Energy-momentum tensor in Riemann-Cartan geometry

Question

I am trying to derive the energy-momentum tensor of a Dirac field defined on a Riemann-Cartan background which is a space with a metric-compatible connection and non-zero torsion.

The action is

$$ S = \int_M \mathrm{d}^{3+1}x |e| \frac{i}{2} ( \bar{\psi} \gamma^\mu D_\mu \psi - \overline{D_\mu \psi} \gamma^\mu \psi ) $$

where $D_\mu \psi= \partial_\mu \psi - \frac{1}{8} \omega_{\mu a b} [ \gamma^a, \gamma^b ] \psi$. The energy-momentum tensor is defined as

$$ T^a_\mu \propto \frac{1}{|e|} \frac{\delta S}{\delta e^\mu_a}$$

Essentially, I need to evaluate the variation of $S$ with respect to $e$. Now I am unsure how the spin connection $\omega_{\mu a b}$ varies under a variation of the tetrad $e$. I am aware of this answer here, but it is for a space with zero torsion.

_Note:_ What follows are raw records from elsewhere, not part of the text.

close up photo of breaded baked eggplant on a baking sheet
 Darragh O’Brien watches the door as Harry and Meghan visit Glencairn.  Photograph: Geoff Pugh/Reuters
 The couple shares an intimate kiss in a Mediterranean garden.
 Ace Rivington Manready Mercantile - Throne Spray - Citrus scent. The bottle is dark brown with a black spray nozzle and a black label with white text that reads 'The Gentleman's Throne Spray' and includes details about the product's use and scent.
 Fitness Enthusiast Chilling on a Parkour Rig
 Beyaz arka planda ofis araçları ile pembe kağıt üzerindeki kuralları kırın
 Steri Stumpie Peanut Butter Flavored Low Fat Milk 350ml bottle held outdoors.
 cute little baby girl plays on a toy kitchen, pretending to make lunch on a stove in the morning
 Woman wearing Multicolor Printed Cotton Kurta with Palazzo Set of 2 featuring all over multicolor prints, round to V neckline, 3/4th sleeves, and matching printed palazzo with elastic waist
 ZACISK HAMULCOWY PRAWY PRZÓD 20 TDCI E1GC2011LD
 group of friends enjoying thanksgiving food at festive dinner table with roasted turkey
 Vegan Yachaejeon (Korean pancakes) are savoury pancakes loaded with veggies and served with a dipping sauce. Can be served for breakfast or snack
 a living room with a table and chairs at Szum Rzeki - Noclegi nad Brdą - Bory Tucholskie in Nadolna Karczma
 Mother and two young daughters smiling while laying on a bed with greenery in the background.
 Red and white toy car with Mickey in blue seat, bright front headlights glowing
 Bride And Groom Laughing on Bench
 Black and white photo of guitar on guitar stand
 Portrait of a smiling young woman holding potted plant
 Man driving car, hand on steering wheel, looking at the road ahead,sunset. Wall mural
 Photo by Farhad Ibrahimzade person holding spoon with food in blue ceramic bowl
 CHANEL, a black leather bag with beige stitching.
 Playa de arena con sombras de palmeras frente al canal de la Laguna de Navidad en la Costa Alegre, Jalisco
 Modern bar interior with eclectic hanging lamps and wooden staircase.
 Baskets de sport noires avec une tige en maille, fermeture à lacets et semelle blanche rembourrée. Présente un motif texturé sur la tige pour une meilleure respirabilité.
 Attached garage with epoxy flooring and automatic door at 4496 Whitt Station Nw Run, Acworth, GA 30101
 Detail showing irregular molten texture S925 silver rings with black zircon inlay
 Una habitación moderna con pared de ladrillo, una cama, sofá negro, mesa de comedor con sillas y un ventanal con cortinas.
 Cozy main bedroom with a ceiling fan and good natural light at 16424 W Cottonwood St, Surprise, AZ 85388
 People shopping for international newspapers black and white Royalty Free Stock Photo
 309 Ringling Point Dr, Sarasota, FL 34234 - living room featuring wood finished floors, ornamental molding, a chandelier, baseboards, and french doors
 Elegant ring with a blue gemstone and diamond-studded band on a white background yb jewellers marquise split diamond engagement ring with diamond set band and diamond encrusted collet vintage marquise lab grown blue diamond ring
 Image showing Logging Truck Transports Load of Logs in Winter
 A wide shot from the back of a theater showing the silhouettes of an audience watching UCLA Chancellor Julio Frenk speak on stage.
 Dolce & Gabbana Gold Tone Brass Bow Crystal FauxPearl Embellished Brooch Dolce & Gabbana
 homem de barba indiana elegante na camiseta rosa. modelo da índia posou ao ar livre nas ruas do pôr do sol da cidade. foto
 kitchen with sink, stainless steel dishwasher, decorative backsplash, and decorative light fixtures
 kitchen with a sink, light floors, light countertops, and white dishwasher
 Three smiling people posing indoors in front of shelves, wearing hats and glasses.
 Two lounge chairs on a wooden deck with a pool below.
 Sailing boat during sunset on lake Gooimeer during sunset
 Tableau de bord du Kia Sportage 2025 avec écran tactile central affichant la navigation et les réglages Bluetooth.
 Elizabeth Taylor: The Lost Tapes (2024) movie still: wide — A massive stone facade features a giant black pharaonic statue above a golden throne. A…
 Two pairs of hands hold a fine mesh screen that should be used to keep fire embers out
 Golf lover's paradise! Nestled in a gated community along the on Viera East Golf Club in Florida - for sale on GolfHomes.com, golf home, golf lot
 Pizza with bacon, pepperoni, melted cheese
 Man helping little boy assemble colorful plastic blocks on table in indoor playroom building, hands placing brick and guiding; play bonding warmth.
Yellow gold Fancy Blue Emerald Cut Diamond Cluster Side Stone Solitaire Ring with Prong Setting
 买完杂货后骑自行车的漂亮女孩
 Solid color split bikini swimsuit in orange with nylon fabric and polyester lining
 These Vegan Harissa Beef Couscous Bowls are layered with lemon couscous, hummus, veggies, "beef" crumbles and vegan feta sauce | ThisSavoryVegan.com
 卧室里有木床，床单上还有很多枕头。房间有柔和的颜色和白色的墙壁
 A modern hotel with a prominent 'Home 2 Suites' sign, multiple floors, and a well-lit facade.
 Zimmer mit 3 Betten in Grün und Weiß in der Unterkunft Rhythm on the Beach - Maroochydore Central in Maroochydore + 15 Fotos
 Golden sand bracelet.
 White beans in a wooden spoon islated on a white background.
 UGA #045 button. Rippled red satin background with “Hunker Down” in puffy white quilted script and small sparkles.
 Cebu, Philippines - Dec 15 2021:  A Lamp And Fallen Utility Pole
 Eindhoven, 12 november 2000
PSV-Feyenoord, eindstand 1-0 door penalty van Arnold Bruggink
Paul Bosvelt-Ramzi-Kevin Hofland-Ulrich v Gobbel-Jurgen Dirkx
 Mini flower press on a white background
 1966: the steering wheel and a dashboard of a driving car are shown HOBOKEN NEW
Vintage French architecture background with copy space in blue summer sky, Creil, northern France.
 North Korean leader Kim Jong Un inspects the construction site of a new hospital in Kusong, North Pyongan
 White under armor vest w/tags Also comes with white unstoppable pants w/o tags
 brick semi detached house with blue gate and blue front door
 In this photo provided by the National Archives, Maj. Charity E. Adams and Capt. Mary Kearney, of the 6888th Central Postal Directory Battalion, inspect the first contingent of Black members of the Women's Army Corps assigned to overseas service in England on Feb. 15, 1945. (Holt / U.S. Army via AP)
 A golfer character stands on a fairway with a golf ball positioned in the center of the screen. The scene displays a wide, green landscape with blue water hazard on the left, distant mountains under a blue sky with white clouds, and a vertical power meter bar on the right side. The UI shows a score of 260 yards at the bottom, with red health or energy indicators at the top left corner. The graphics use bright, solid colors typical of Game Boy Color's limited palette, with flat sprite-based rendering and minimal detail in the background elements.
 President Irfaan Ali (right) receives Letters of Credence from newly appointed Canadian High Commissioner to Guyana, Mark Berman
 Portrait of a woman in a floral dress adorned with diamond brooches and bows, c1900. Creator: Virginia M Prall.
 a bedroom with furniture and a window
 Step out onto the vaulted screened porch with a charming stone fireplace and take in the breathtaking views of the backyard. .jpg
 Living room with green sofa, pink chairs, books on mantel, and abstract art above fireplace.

We can split the spin-connection up as

$$ \omega_{\mu a b} = \tilde{\omega}_{\mu a b} + K_{\mu a b}$$

where $\tilde{\omega}_{\mu a b}$ the Levi-Civita connection and $K_{\mu a b}$ is the contortion tensor. $\tilde{\omega}_{\mu a b}$ depends on the dreibein and I know how this varies under $e_a^\mu$ but how does $K_{\mu a b}$ vary with respect to $e^\mu_a$?

Answer 1

First of all, your action $$ S = \int_M \mathrm{d}^{3+1}x |e| \frac{i}{2} ( \bar{\psi} \gamma^\mu D_\mu \psi - \overline{D_\mu \psi} \gamma^\mu \psi ) $$ is wrong. It should read $$ S = \int_M \mathrm{d}^{3+1}x |e| \frac{i}{2} ( \bar{\psi} e^\mu_a\gamma^a D_\mu \psi - \overline{D_\mu \psi} e^\mu_a\gamma^a \psi ). $$

And as for deriving the energy-momentum tensor, you should variate against spin connection $\omega_{\mu a b}$ and the tetrad $e$, independently. Follow these steps:

• Use the variation against $\omega_{\mu a b}$ to yield the torsion tensor. Use this non-zero torsion tensor equations to calculate $\omega_{\mu a b}$ as a function of $e$.
• Use the variation against $e$ to arrive at the the energy-momentum tensor. And substitute the $\omega_{\mu a b}$ in the energy-momentum tensor equation with the corresponding function of $e$ obtained from the first step.